If we have limited access to resources currently, then let’s provide more access and easier resources to access, especially medication assisted therapy, buprenorphine type of therapies. I have this ridiculous scenario that I come across frequently, where I’ll be asking for buprenorphine for a patient who has been using opiates for a long period of time and if it’s not on formulary, the response I get back from an insurance company is, “Well, have you tried fentanyl yet?” and that’s very counterproductive, as you can imagine.

If we have higher amounts of emotional strain currently, then let’s add easier, better access, more abundant access to behavioral health services, group mental health services, support groups. With physical constraints, the health community can be very helpful and helping patients figure out how to add safe physical activity that’s sustainable at home, even if it’s only in their own bedroom. So, you know, overall, if you look at all these things that I’ve just suggested, I can just hear little voices, I think for many people, they look expensive. But when we look back at what we’ve been doing so far, it’s financially unsustainable and we need to do something different. So I’m arguing that a moderate investment in a bolus of health care resources early on with abundant access as an intervention early on can be much more financially viable than the piecemeal approach that we’ve been taking the last several years.

AJMC®: How do you think opioid treatment approaches will look different after COVID-19?

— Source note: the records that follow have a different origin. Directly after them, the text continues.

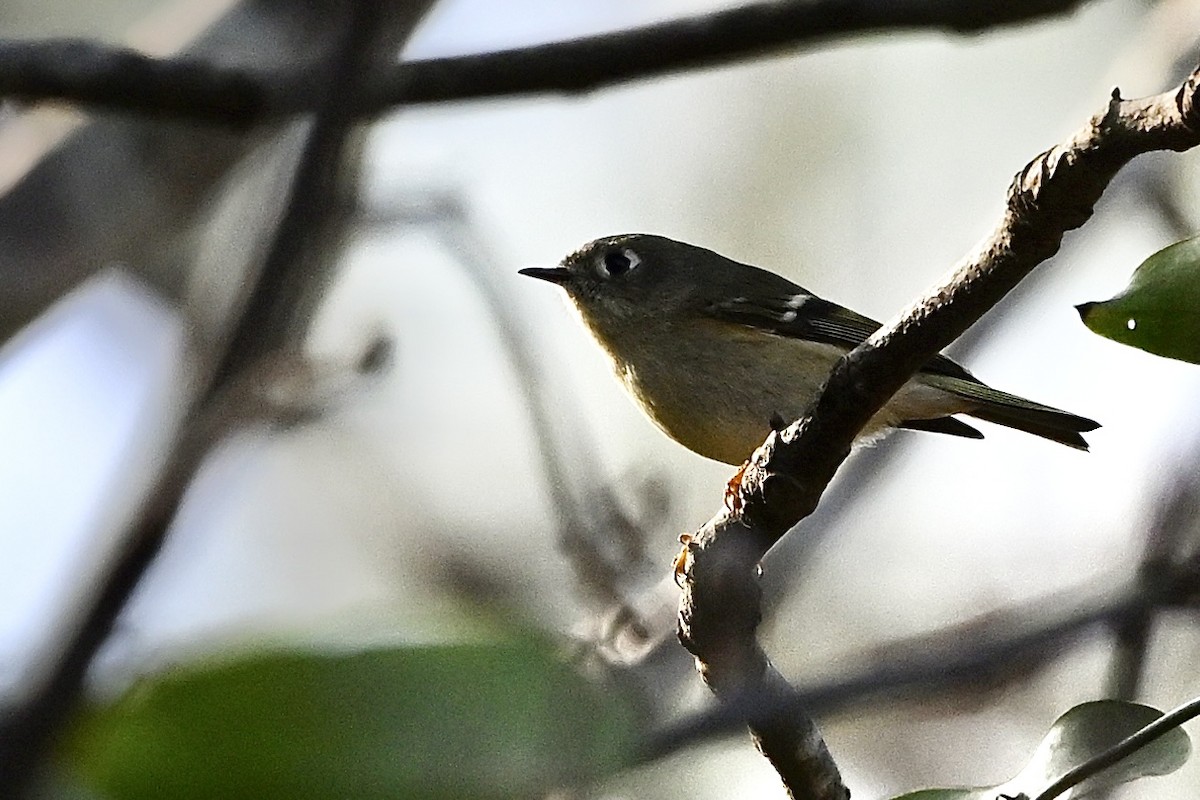 Ruby-crowned Kinglet - ML646647568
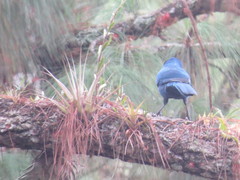 Aphelocoma unicolor unicolor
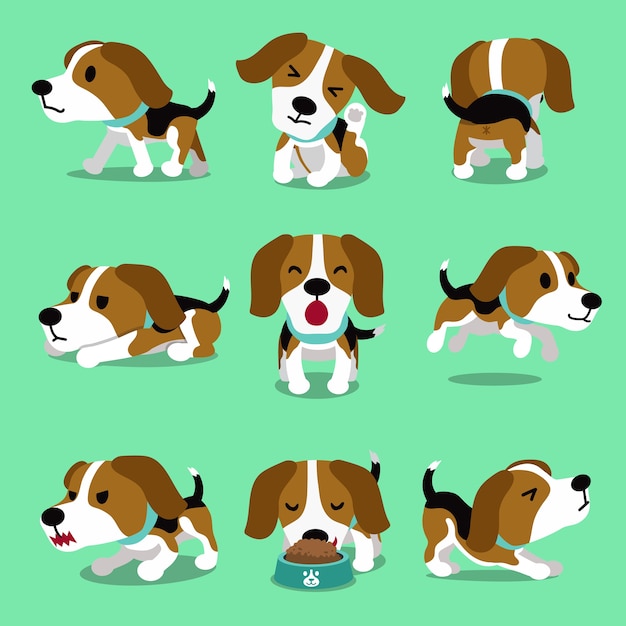 Premium Vector | Cartoon character beagle dog poses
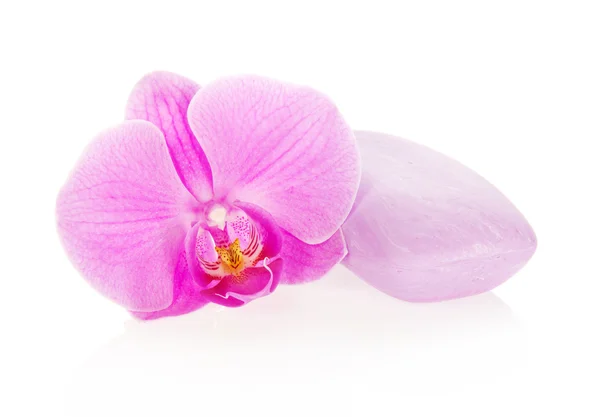 Flower of an orchid and the soap — Stock Photo, Image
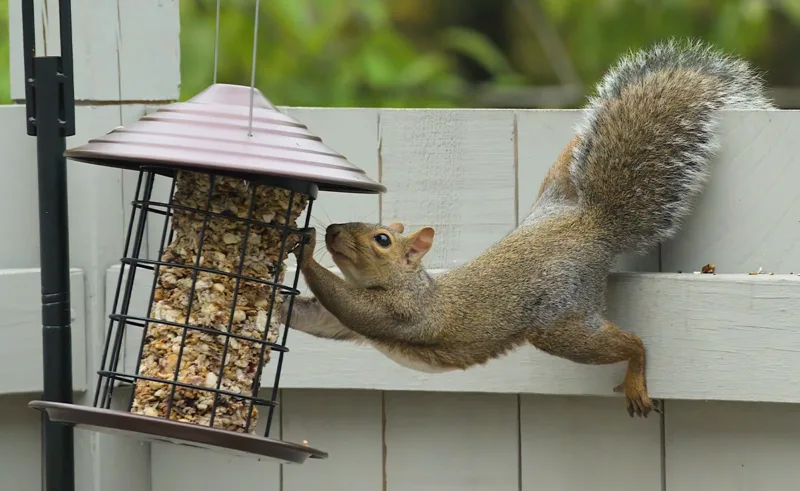 A squirrel trying to reach for a bird feeder from a fence.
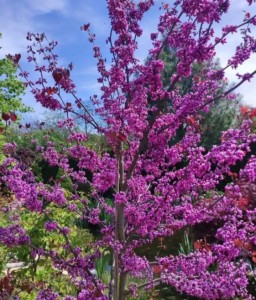 Judaszowiec Kanadyjski Merlot w donicy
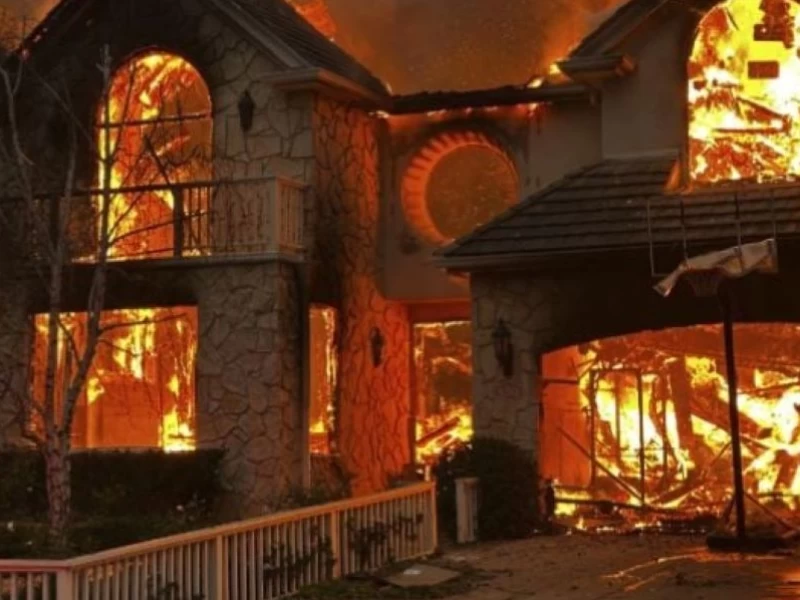 Hollywood Hills Dilalap Api, 1.000 Bangunan Terbakar dan 5 Orang Tewas
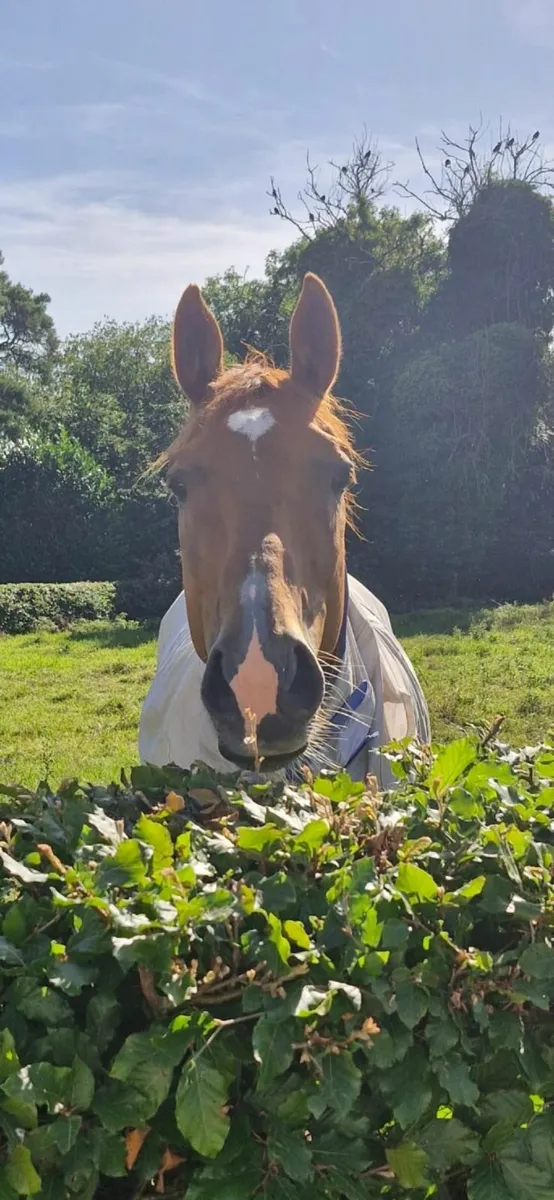 Gorgeous looking 7 yr old 16hh (Flemensfirth) - Image 2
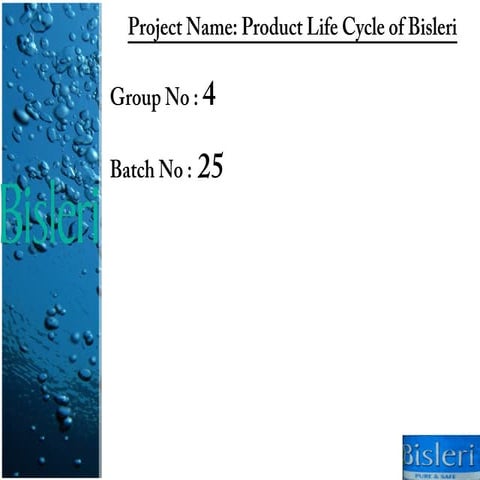 Product life cycle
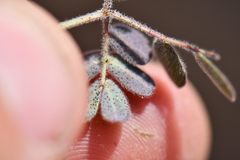 Pomaria melanosticta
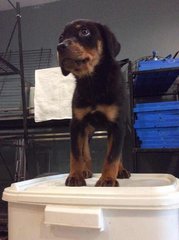 Huge Rottweiler Puppies - Rottweiler Dog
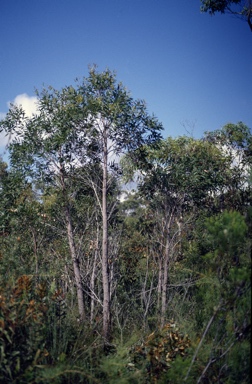 APII jpeg image of Angophora bakeri subsp. crassifolia  © contact APII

Silva: I’m hoping that this painful time will be a clear catalyst for change for the better. I’m hoping that we’ll see some change and improvement in options for treatment strategy and corresponding reimbursement for innovation. I think we’re seeing the power of peer support and community and connectivity and a well-rounded approach to patient care, and I’m hoping that we can invest in that from seeing the benefits. And I think it’s a time to embrace innovation to try to really outsmart these long standing health opponents like the opioid epidemic. We need to be science-based; we need to be long-sighted. And if the model we were using before wasn’t working, we’ve already kind of had to change it and adapt to COVID-19. Let’s keep that change moving and make it something that sustainable and that can work in our favor. We need to really use these innovations, use what we’ve learned, and address the factors that cause people to rely on opiates in the first place and make that type of treatment readily abundant, available.

AJMC®: That’s the end of my questions. Was there anything else you wanted to add?

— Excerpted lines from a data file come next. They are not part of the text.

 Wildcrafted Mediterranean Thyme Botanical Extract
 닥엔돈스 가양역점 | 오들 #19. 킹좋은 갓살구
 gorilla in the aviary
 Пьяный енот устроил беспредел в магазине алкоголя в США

Silva: I just really want to thank you for allowing me the opportunity to participate in this conversation about managed care around opiate use. I think that for many clinicians, we can get so overwhelmed and engrossed in patient care, we can sometimes feel separate from the people who make decisions about financing and access for treatment opportunities. And I think that role specialization is really important because health care is a huge, huge field that requires multiple different types of specialists, but cross communication is so very important as well, and sometimes it’s hard to know how to jump into the conversation, so thanks for giving me the opportunity.

AJMC®: Great. Thanks for joining us.